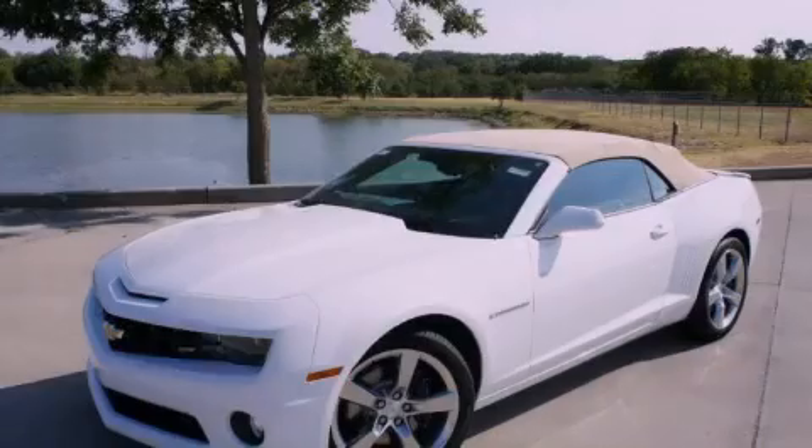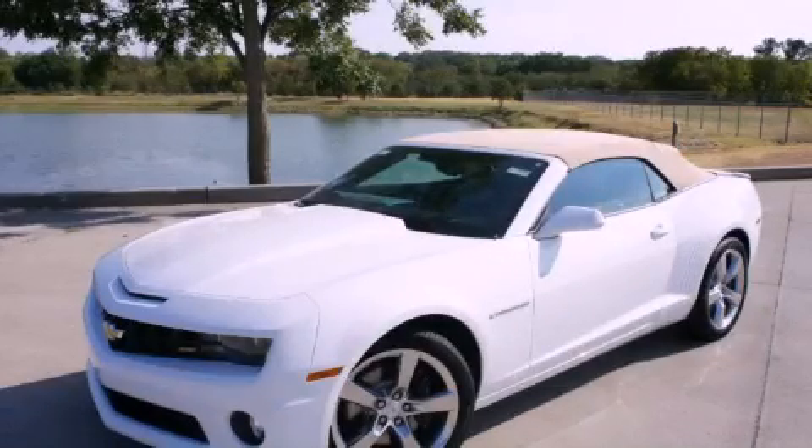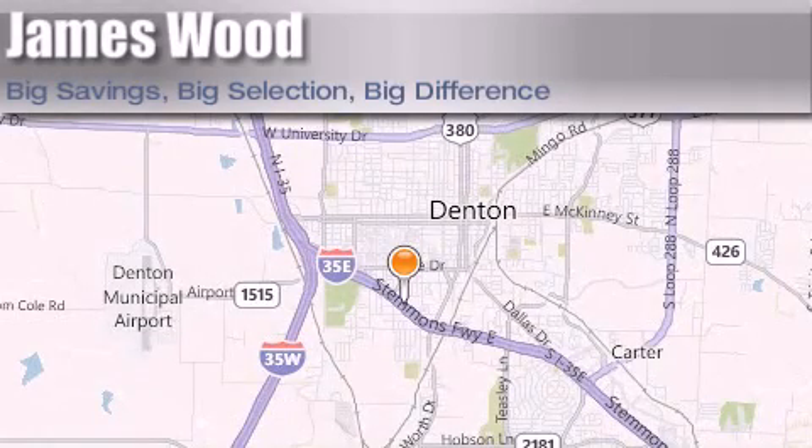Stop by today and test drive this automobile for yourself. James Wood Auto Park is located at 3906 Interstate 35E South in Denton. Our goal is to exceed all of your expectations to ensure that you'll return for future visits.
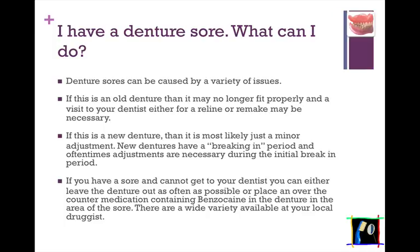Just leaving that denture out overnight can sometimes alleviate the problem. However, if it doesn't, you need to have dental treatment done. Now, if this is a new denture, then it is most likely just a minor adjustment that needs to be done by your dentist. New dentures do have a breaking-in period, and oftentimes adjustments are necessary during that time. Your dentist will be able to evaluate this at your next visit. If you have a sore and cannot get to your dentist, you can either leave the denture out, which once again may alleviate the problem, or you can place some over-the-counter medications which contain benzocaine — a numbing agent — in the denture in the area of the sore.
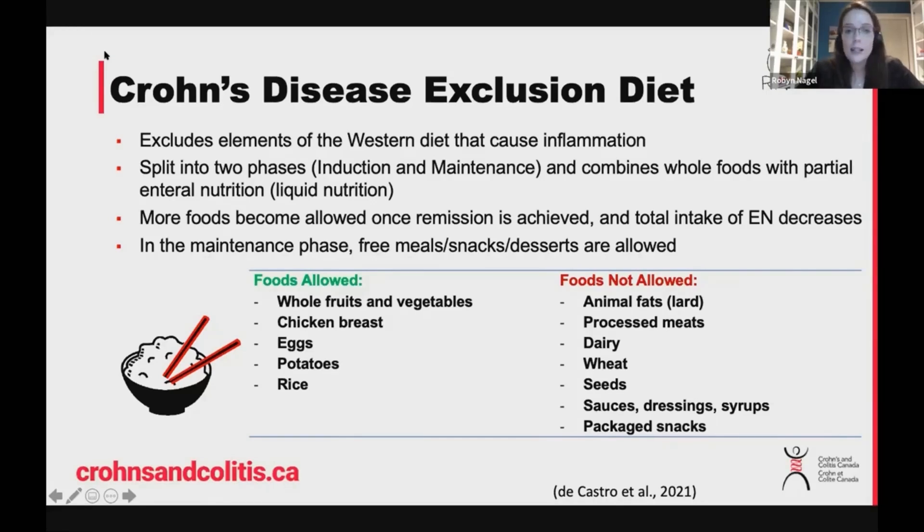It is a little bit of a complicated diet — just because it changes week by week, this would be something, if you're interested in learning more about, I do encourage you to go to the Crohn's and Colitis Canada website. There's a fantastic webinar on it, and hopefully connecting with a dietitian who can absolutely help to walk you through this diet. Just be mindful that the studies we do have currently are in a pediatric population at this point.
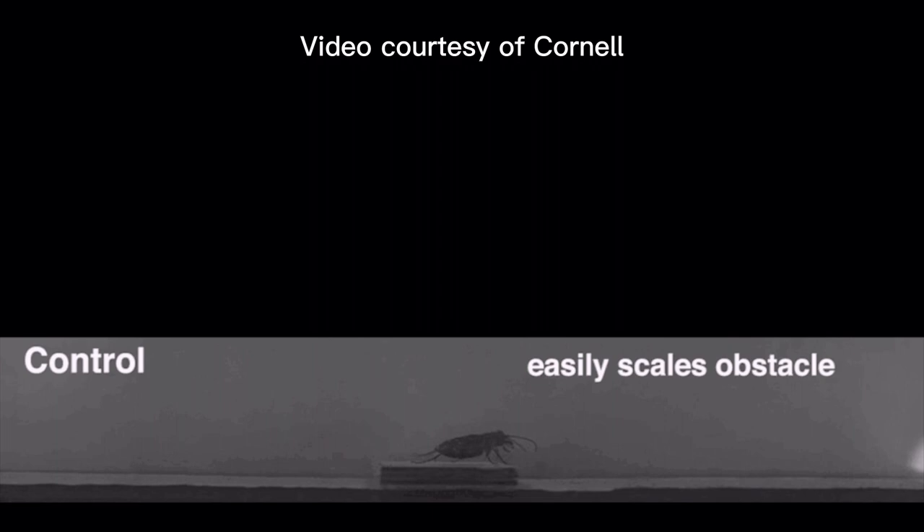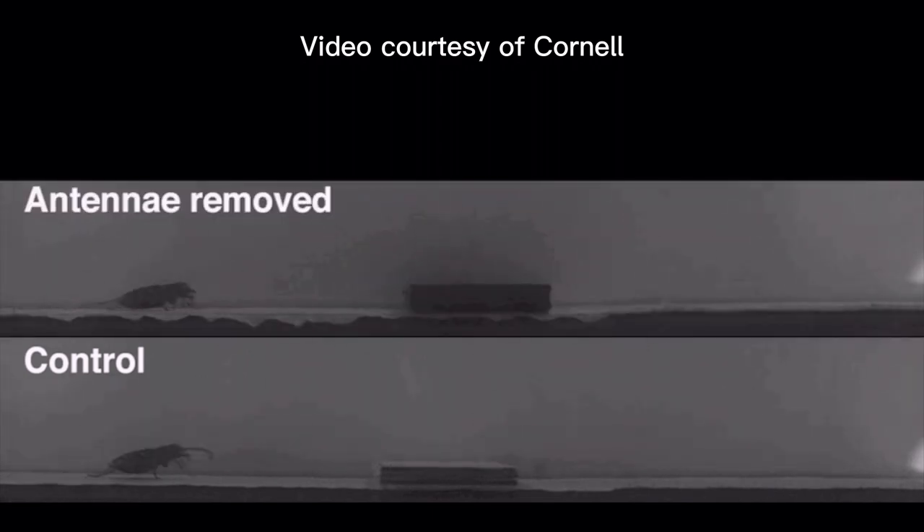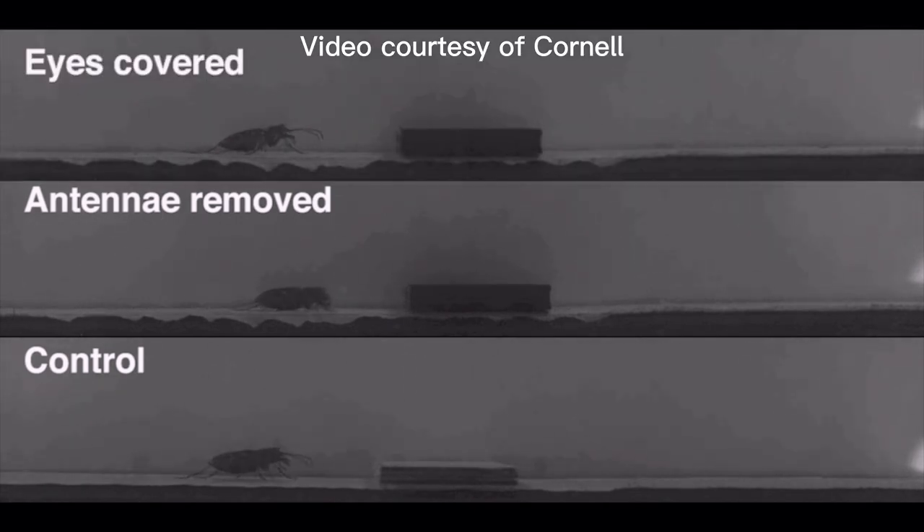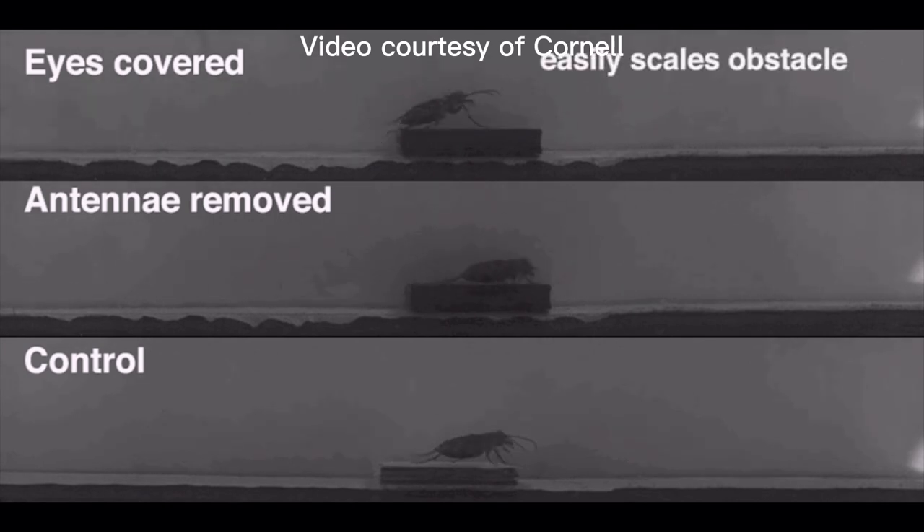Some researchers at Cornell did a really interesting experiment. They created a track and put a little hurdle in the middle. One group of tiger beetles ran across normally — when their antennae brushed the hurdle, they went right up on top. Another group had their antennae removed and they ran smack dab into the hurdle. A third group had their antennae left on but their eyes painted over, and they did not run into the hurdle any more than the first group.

Problem requirements
No image belongs in the copy. Transcribe the full listing verbatim.

Answer to the problem
Stop by today and test drive this automobile for yourself. James Wood Auto Park is located at 3906 Interstate 35E South in Denton. Our goal is to exceed all of your expectations to ensure that you'll return for future visits.
Just leaving that denture out overnight can sometimes alleviate the problem. However, if it doesn't, you need to have dental treatment done. Now, if this is a new denture, then it is most likely just a minor adjustment that needs to be done by your dentist. New dentures do have a breaking-in period, and oftentimes adjustments are necessary during that time. Your dentist will be able to evaluate this at your next visit. If you have a sore and cannot get to your dentist, you can either leave the denture out, which once again may alleviate the problem, or you can place some over-the-counter medications which contain benzocaine — a numbing agent — in the denture in the area of the sore.
It is a little bit of a complicated diet — just because it changes week by week, this would be something, if you're interested in learning more about, I do encourage you to go to the Crohn's and Colitis Canada website. There's a fantastic webinar on it, and hopefully connecting with a dietitian who can absolutely help to walk you through this diet. Just be mindful that the studies we do have currently are in a pediatric population at this point.
Some researchers at Cornell did a really interesting experiment. They created a track and put a little hurdle in the middle. One group of tiger beetles ran across normally — when their antennae brushed the hurdle, they went right up on top. Another group had their antennae removed and they ran smack dab into the hurdle. A third group had their antennae left on but their eyes painted over, and they did not run into the hurdle any more than the first group.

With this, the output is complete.